╭─ Material supplied

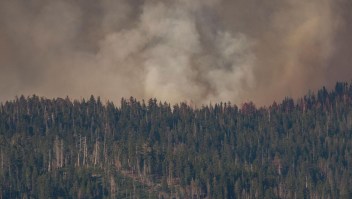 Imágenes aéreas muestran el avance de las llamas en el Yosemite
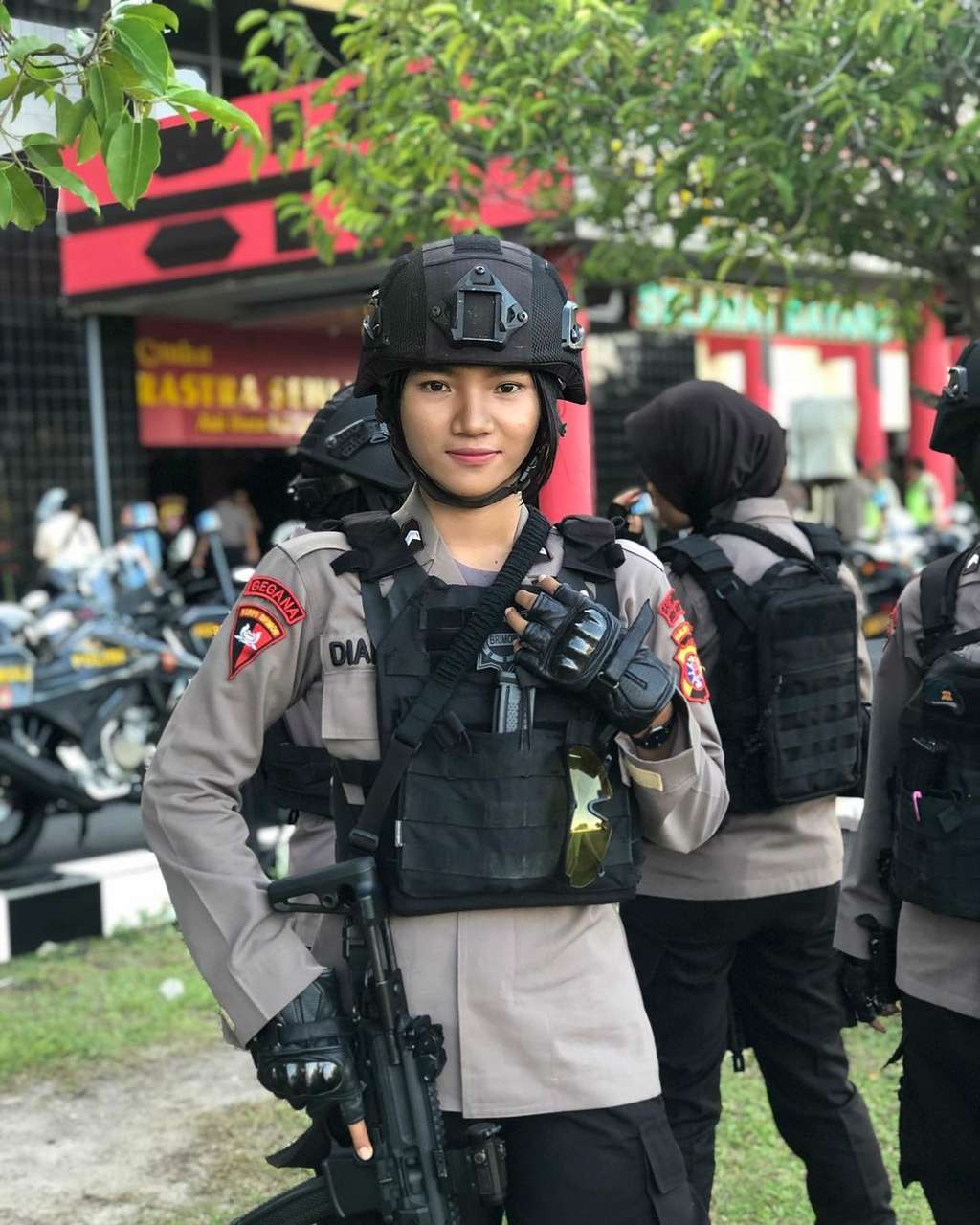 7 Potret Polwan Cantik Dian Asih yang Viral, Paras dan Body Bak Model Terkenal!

╰─
╭─ Material supplied

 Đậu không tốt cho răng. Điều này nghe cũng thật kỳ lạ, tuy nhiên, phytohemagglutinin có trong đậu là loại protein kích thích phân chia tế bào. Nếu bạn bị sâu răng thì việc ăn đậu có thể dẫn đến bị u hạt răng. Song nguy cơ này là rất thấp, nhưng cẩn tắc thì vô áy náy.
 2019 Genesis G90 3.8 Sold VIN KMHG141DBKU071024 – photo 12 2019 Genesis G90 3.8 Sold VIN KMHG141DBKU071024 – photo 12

╰─
╭─ Material supplied

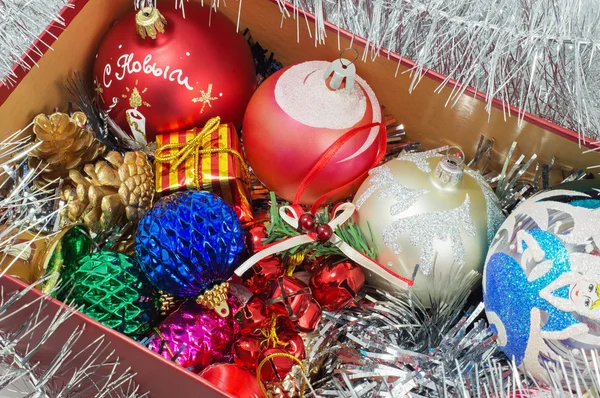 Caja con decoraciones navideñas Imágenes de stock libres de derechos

╰─

**Description of the task:**
Without the pictures, set down the lines above from the line with "Imágenes aéreas muestran" up to and including the line with "7 Potret Polwan" exactly as they stand.

**Answer to this task:**
 Imágenes aéreas muestran el avance de las llamas en el Yosemite
 7 Potret Polwan Cantik Dian Asih yang Viral, Paras dan Body Bak Model Terkenal!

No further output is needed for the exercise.